If you can’t help, at least don’t hinder! Jesus warns against scandal, which means putting an obstacle (skandalon) to trip someone else; leading them astray, away from the Lord. Its opposite is encouraging others, being near them as they try to grow to their full maturity. We can do that in various ways. Some become faith-friends or prayer-friends to children preparing for the sacraments, to support their search for God. If children know that adults are praying for them, it helps them appreciate their friendship with Jesus and his friendship with them.
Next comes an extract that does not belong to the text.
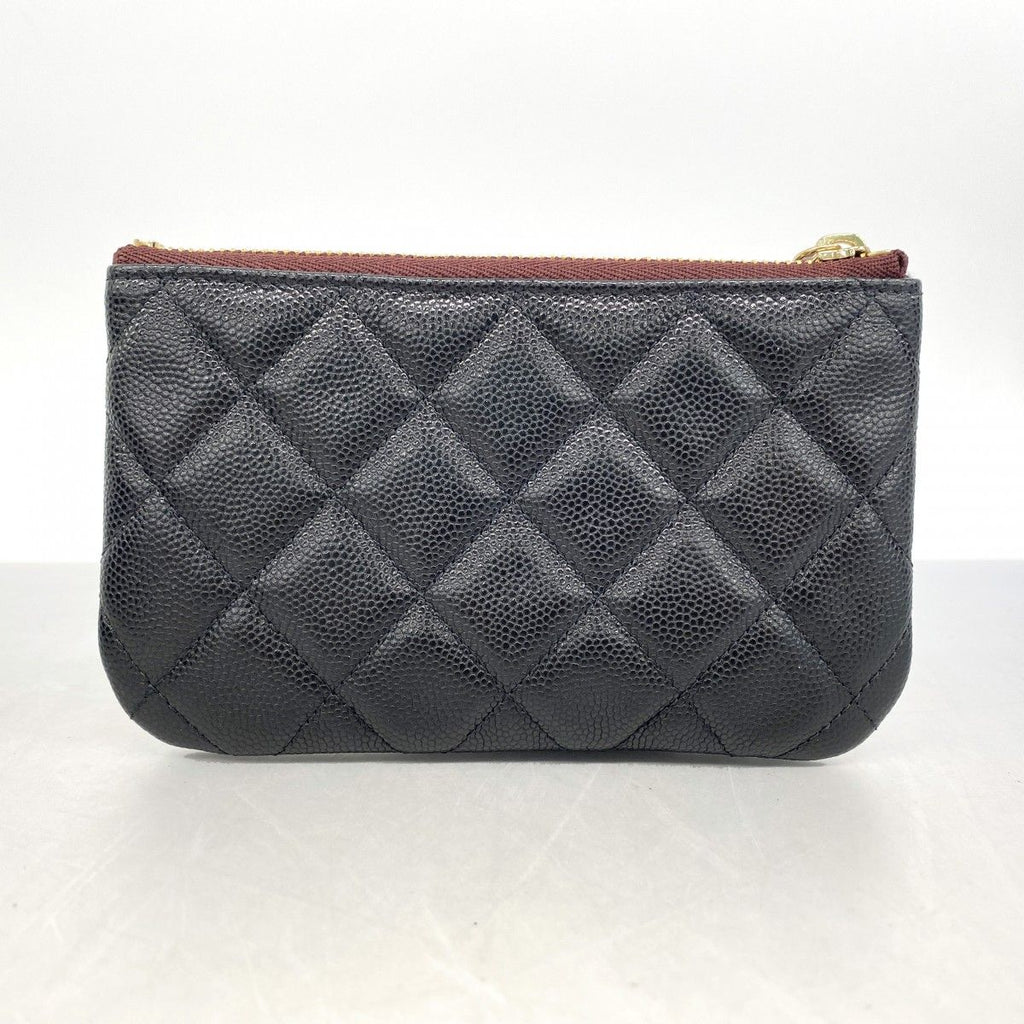 Chanel Coin Case Quilted Caviar Leather Black Gold — view 7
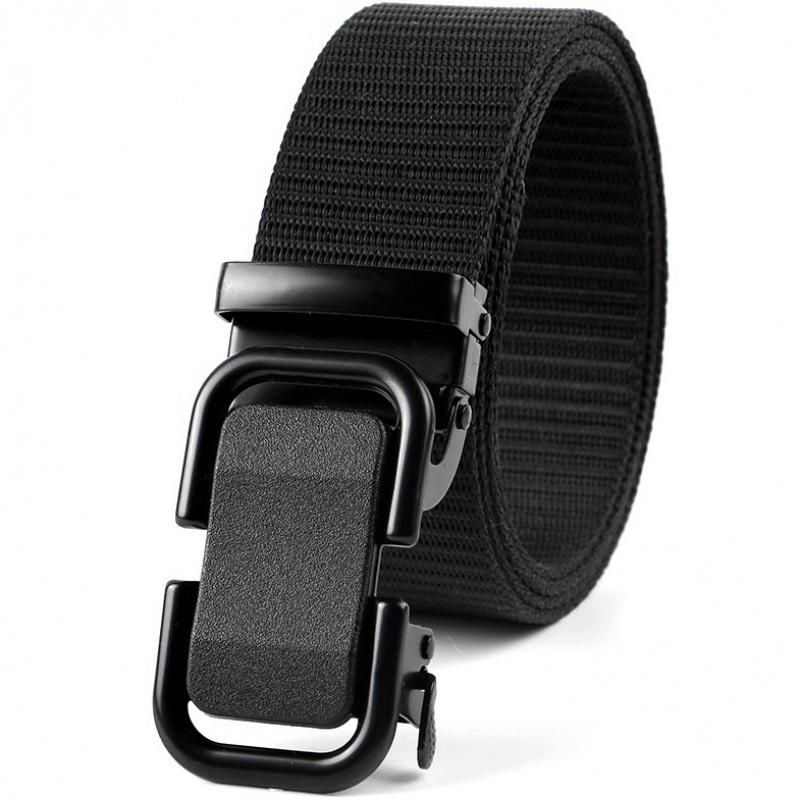 Men'S Belt Automatic Metal Buckle Imitation Nylon Webbing Outdoor Work Belt Toothless Automatic Buckle Casual Sports Canvas Belt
In a fine example of faith friendship, Luke presents Mary and Elizabeth as mutually supportive in prayer. Each helped the other to put her full trust in God. Elizabeth’s joyful praise of the special grace given to Mary inspired the wonderful Magnificat, a hymn to God’s mercy.
Maybe we feel that our own faith is not strong enough to be a spiritual support to others, like that. Like the apostles we need to pray, “Lord, increase our faith.” In response to that prayer, Jesus assures us that even a little faith can work wonders, even a small mustard-seed of faith can help develope the faith of others.


Saint Martin of Tours, bishop

Martin (316-397) was born in Pannonia (now Hungary), where his father was a cavalry officer in the Roman army. When Martin was conscripted he too joined the cavalry, but finding that army life conflicted with his faith he made his way to France, where his fellow Christians elected him bishop of Tours. Legen has him cutting his cloak in two, to give half to a beggar who was in rags in the depth of winter. Because of his many miracles recorded by Sulpicius Severus, throughout the middle ages Martin’s shrine in Tours was a pilgrims stopping-point en route for Compostela in Spain.